Oke deh, kita ambil contoh buku untuk diresensi (untuk mersensi film, sinetron, seni lukis, kaset, VCD dan sejenisnya bisa menyesuaikan sendiri ya?). Yup, sekarang apa persiapan yang kudu disusun sebelum merensi or membedah buku? Langkah awal, jelas kamu kudu memilih dulu bukuyang kiranya pantas untuk diresensi. Kamu pilih buku yang kira-kira menarik untuk disampaikan informasi tentang isinya kepada khalayak. Langkah-langkah yang bisa kamu lakukan adalah sebagai berikut:

  1. Mengenali atau menjajaki buku yang akan kamu resensi.
    1. Mulai dari tema buku yang diresensi, disertai deskripsi (penggambaran) isi buku.
    2. Siap penerbit yang menerbitkan buku itu, kapan dan di mana diterbitkan, tebal (jumlah bab dan halaman), fromat (ukurannya), hingga harga.
    3. Siapa pengarangnya: nama, latar belakang pendidikan, reputasi dan prestasi, buku atau karya apa saja yang ditulis hingga mengapa ia sampe nulis buku itu. Jadi cerita singkat tentang pengarangnya.
    4. Buku tersebut termasuk golongan buku yang mana: ekonomi, politik, hukum, agama, pendidikan, filsafat, sosiologi, psikologi dan sejenisnya.
  2. Membaca buku yang akan diresensi secara komfrehensif, cermat dan kunti (baca: tekun dan teliti). Pokoknya seditil-detilnya. Jangan sampe ada yang keliru. Malu dong kalo sampe keliru memberi komentar.
  3. Menandai bagian buku yang akan dijadikan sebagai kutipan dalam resensimu. Biasanya point-point yang menarik dari buku tersebut.
  4. Membuat sinopsis atau intisari dari buku yang akan kamu resensi.
  5. Menentukan sikap kamu sebagai perensi dengan menilai hal-hal berikut:
    1. Kerangka atau organisasi tulisan; bagaimana hubungan antar bagian, bagaimana sistematikanya, juga seperti apa dinamikanya.
    2. Isi pernyataan: bagaimana bobot idenya, bagaimana analisnya, bagaimana penyajian datanya, dan bagaimana kreativitas pemikirannya.
    3. Bahasa: bagaimana penerapan EYD-nya, bagaimana kalimat dan penggunaan katanya (terutama untuk buku ilmiah). Gaya bahasanya enak dibaca apa nggak, susah dipahami atau mudah dipahami.
    4. Aspek teknis: bagaimana tata letak, bagaimana desain sampulnya, kerapian dan sejenisnya dari buku itu.
  6. Mengoreksi dan merevisi hasil resensi dengan menggunakan dasar-dasar dan kriteria yang udah kita tentukan sebelumnya.

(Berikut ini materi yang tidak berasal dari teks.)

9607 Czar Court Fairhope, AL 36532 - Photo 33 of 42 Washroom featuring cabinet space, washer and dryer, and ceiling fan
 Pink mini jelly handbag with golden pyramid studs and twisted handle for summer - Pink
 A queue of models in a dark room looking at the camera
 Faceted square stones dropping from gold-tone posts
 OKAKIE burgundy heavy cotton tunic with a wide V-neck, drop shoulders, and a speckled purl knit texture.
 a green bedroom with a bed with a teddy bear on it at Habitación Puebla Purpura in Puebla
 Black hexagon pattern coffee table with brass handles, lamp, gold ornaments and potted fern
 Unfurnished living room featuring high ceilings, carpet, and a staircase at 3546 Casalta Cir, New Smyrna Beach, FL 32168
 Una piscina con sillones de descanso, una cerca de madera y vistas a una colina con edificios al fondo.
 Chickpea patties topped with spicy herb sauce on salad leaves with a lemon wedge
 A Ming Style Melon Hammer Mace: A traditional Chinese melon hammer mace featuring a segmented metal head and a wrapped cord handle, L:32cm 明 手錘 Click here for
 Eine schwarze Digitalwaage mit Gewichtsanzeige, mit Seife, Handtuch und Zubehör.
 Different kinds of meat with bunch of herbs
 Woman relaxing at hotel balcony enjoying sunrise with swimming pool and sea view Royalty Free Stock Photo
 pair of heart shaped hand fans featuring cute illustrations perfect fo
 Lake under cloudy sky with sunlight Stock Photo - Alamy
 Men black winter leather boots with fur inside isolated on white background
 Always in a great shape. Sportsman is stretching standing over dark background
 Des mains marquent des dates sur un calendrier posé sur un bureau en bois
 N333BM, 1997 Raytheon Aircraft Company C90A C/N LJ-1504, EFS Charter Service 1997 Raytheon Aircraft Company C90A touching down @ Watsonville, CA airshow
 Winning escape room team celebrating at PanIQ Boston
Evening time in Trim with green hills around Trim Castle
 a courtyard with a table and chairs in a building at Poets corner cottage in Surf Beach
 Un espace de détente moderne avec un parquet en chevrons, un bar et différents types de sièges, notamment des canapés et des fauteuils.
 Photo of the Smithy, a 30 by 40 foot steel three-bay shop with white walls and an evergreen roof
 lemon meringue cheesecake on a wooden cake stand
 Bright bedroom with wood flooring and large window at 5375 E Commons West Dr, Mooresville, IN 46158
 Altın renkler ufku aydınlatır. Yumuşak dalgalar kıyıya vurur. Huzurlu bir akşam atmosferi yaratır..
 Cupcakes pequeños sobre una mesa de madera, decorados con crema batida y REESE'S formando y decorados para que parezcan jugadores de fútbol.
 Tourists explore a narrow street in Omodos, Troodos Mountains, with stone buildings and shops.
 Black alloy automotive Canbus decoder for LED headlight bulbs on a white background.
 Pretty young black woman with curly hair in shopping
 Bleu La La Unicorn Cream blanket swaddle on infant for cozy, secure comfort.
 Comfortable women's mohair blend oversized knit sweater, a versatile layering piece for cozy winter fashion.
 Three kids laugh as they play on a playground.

Nah, untuk film dan sinetron dalam penilaianmu bisa dibidik; skenarionya, alur ceritanya enak apa nggak (misalnya melompat-lompat apa mengalir enak), bagaimana dengan dialog-doalog di ceritanya tersebut, bagaimana akting dari para pemainnya, tata suara, tata gambar, dan latarnya bagus apa nggak. Wah, pokoknya kamu ulik deh segala detil yang ada di film tersebut.

Biar hasil resensi kita menarik, buatlah judul yang oke punya. Tentang judul, sebetulnya bisa mengacu kepada tip sebelumnya. Yakni pastikan judulnya menarik. Jadi, saya nggak usah bahas secara detil lagi ya? Oke?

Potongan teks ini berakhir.